Le gisement local se lit dans les mêmes données : de l'ordre de 8 586 maisons individuelles, un bassin de travaux structuré autour de CA Lorient Agglomération, environ 14 125 logements occupés par leur propriétaire. Ce volume ne préjuge d'aucune éligibilité individuelle : il indique seulement où se concentrent, à Lorient, les situations où le scénario décrit sur cette page a le plus de chances d'être pertinent.
La part de logements occupés par leur propriétaire indique en creux le volume du parc locatif privé concerné, et les données de Lorient le montrent nettement. On relève 1.78 personne(s) par logement, 43 % de propriétaires occupants, 32 772 résidences principales recensées, en zone climatique H2a.

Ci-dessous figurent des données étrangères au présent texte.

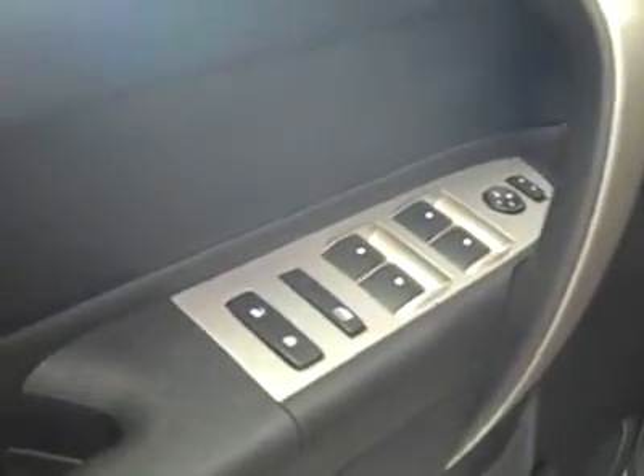Let's take a look inside. Here you've got your power windows, locks, and mirrors. Manually adjustable seats with cloth interior. The cloth is in great shape — no rips or tears, no stains. And the floors look good too.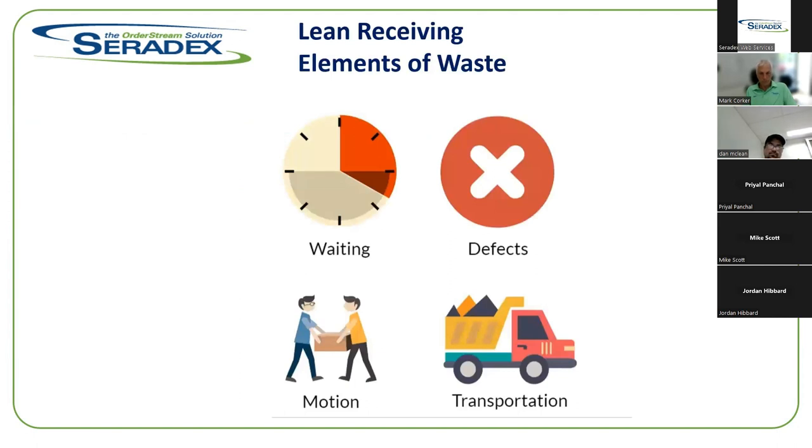In a lean environment, four elements of the receiving process are a detriment to lean: waiting — something comes in the back door and you have to wait until someone sits at a computer to enter data; defects — parts come in broken or damaged and you don't see that until it's entered at a computer; unnecessary movement of inventory to a computer station for transactional entry; and transportation of inventory from one location to another. All of these are eliminated by utilizing a mobile app.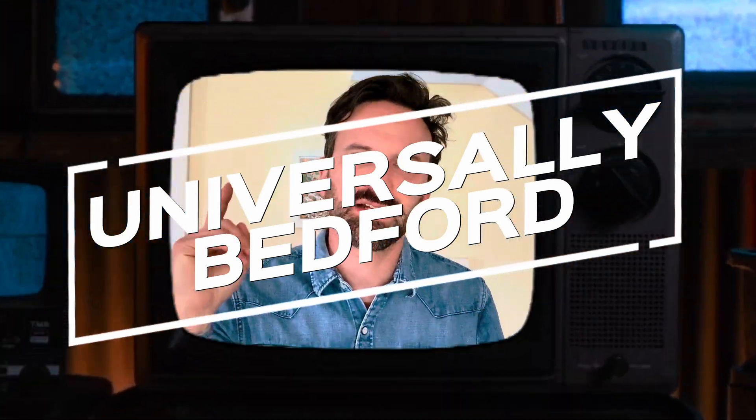Welcome back to Universally Bedford. It's another weekly construction update, and this week we have seen some actually exciting activity going on at the site. I can't wait to show you some footage of that.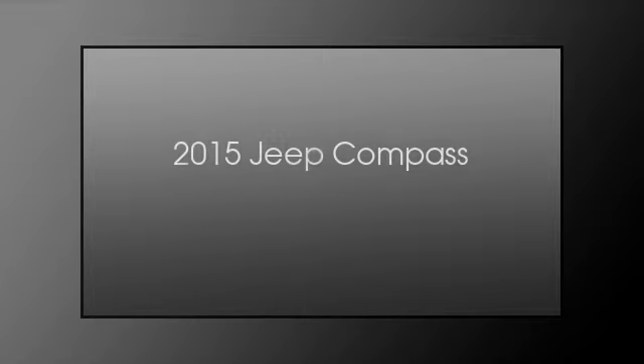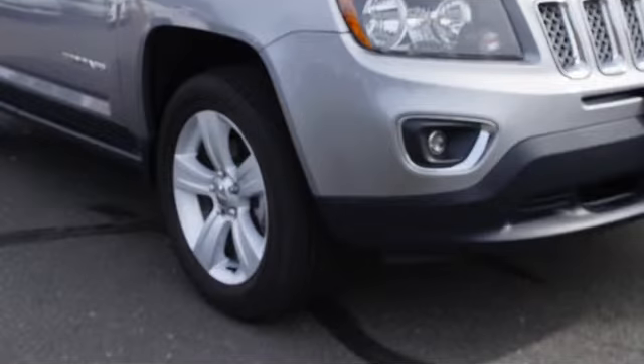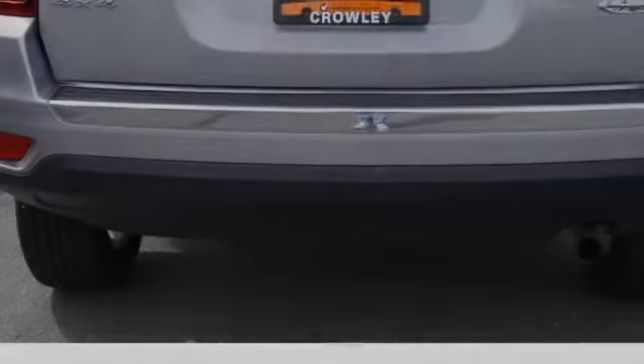This is a 2015 Jeep Compass. This crossover has an automatic transmission and an inline four-cylinder engine.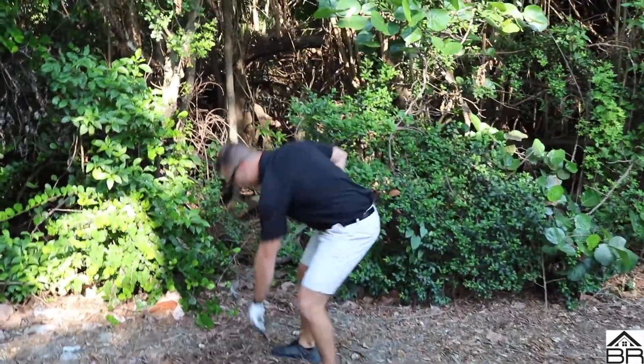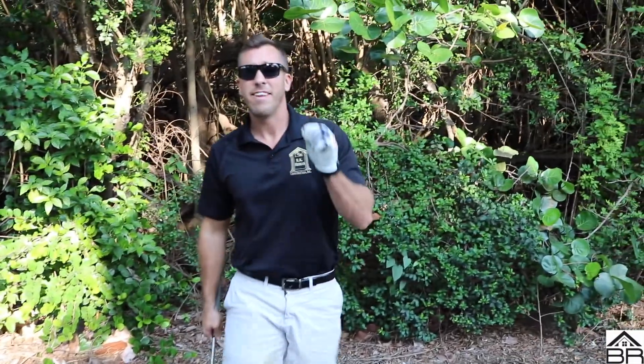Perfect shot, right where I wanted it to land. This is 913 Raymond Court, and guys, this one is for sale.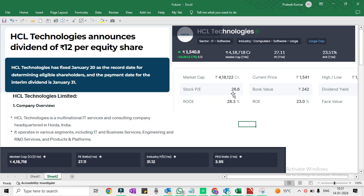Today we will talk about the announcement of HCL Technology, who have declared dividends. HCL Technology is an IT software company. The share increased by 56 points, up 3.77%. HCL Technology has fixed January 20 as the record date — today is January 14 — for determining eligible shareholders.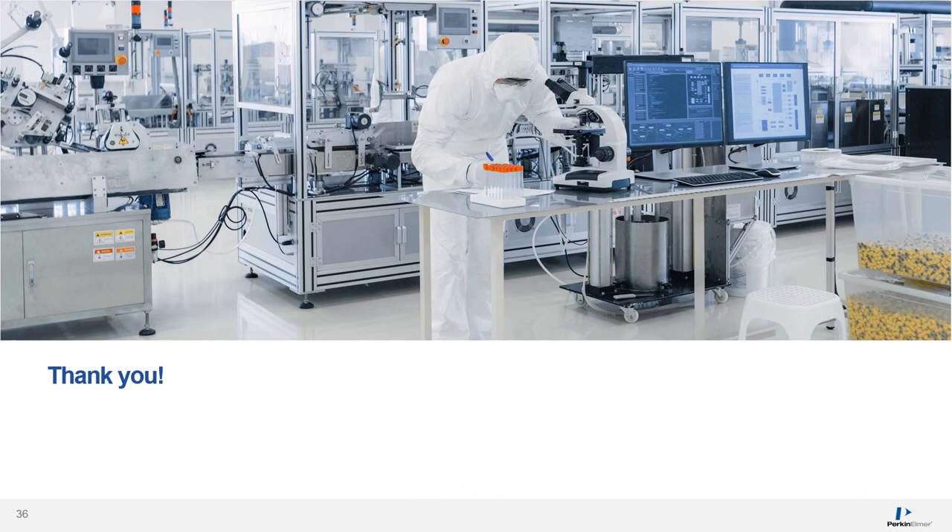Thank you for your attention. Aaron and I will be happy to answer your questions.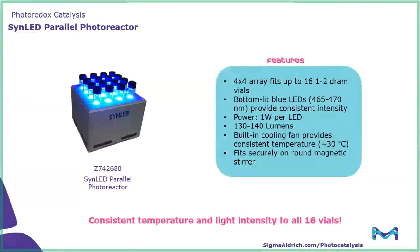Moving on to our next photoreactor, we have the SynLED parallel photoreactor. This is a great reactor for reaction optimization as well as small library synthesis. It features a 4x4 array of 16 one-to-two dram vials, and each slot has a bottom-lit LED — these are blue LEDs with a wavelength range of 465 to 470 nanometers. This reactor also has a built-in cooling fan to provide consistent temperature at approximately 30 degrees Celsius, and it fits well onto a round IKA stir plate. The big selling point is that it delivers consistent temperature and light intensity to all 16 vials, allowing for reaction optimization as well as library synthesis.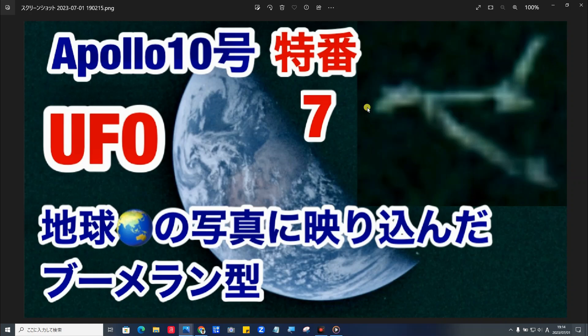はい、皆さんこんにちは、こんばんは、ラピTVです。本日はアポロ15の写真で見つけましたこのブーメラン型UFO、こちらを紹介していきたいと思います。土曜特番プレミアムシリーズ、今日特番7でお送りしたいと思います。果たしてこのブーメラン型UFO、50年前の写真に写っているものが、Google Skyにも写っておりました。カラー写真でお見せします。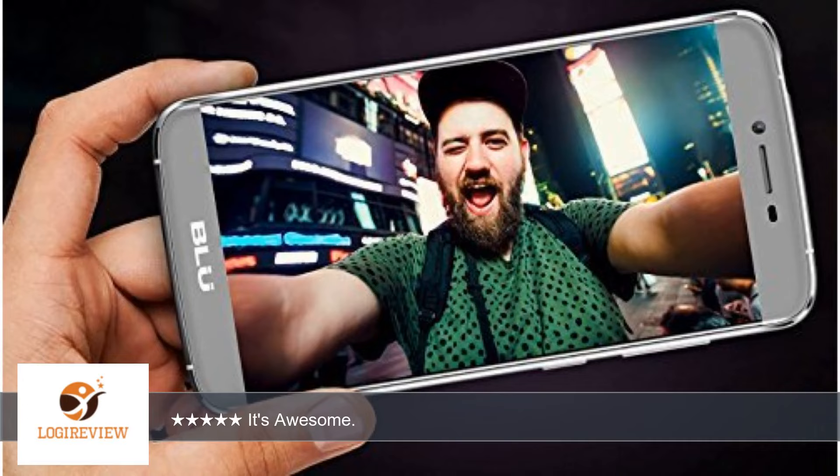The only thing I wish there was is a case. This phone is not super light so it needs a shockproof case to prevent damage. 5 fifths would recommend to anyone.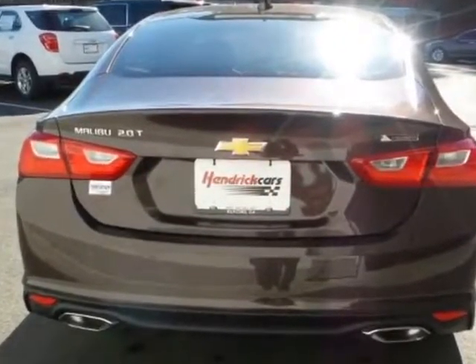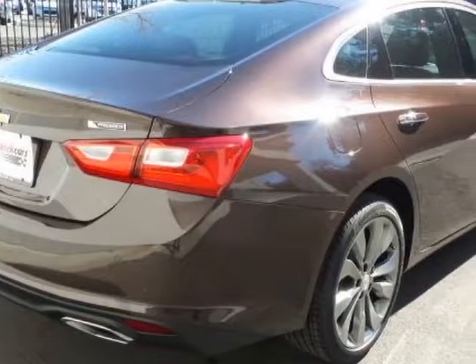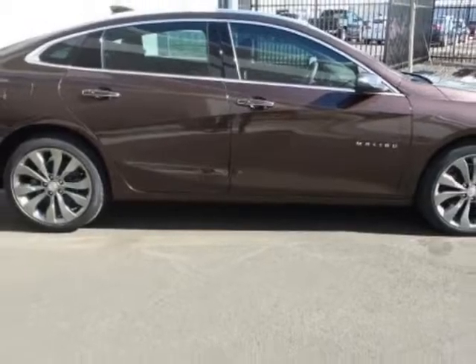Another great feature is that this vehicle uses flex fuel. Additional options for this vehicle include power passenger seat, navigation system, sunroof, and driver airbag.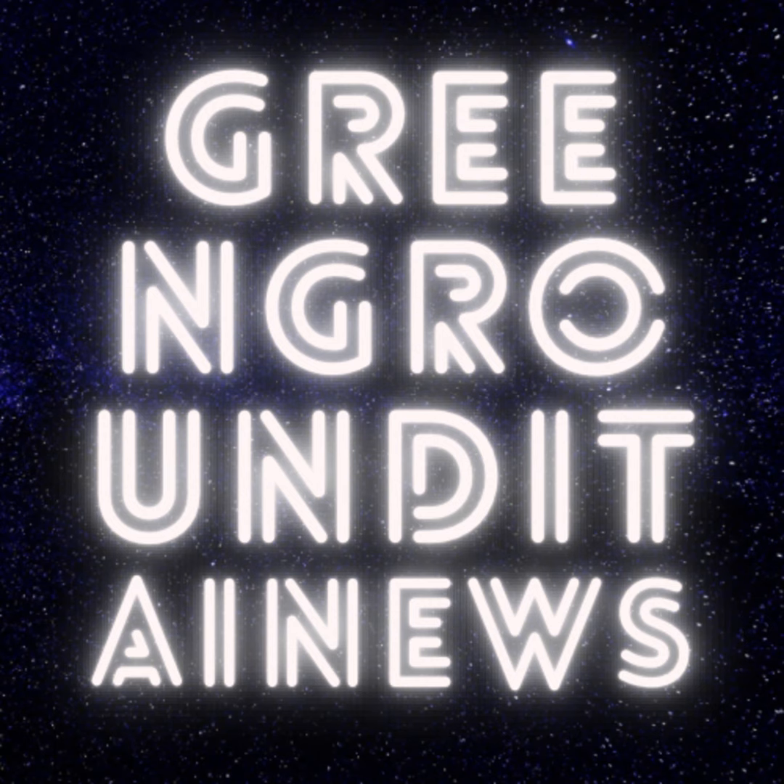Hey green ground enthusiasts, it's Alvin here bringing you the latest scoop in the world of eco-friendly automobiles. Today we're diving deep into the world of the 2023 Toyota Prius. I know the Prius has had its fair share of critics in the past, but this new model is turning heads and changing minds.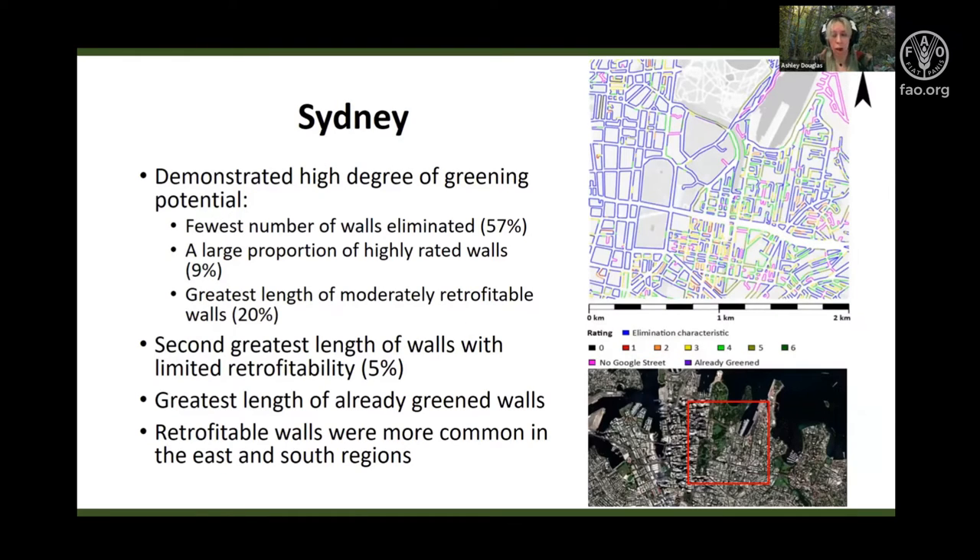Sydney was found to have a high green wall potential, with both the fewest number of walls eliminated and the largest proportion of highly rated walls amongst the tested cities. In addition, 20% of the walls were considered moderately retrofitable. Retrofitable walls were more common in the east and south sides of the area, due to regions transitioning into residential areas, resulting in less walls being eliminated.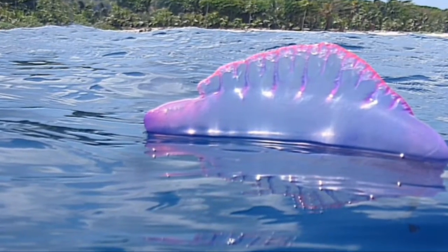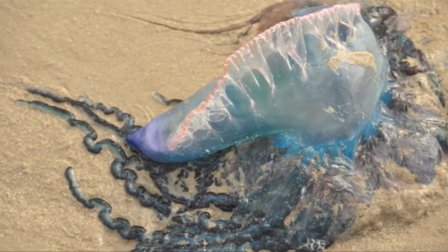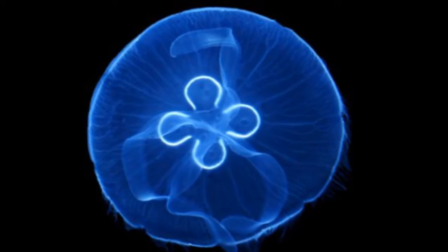So what kind of jellyfish are we talking about here? Are we talking about the Man o' Wars? Probably not — P.S. don't touch those, those things will kill you. No, we're talking about the Aquaria Victoria. Very pretty looking one.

Ces valeurs ne décident d'aucun projet à elles seules, mais elles fixent l'ordre de grandeur dans lequel un chiffrage à Lorient est crédible.
Qui décide, et donc qui finance : 43 % de propriétaires occupants à Lorient, soit environ 14 125 logements. Pour la remise à niveau d'un logement mis en location, cela signifie autant de dossiers décidables sans mandat de gestion, le solde relevant du parc locatif et donc d'un montage bailleur distinct.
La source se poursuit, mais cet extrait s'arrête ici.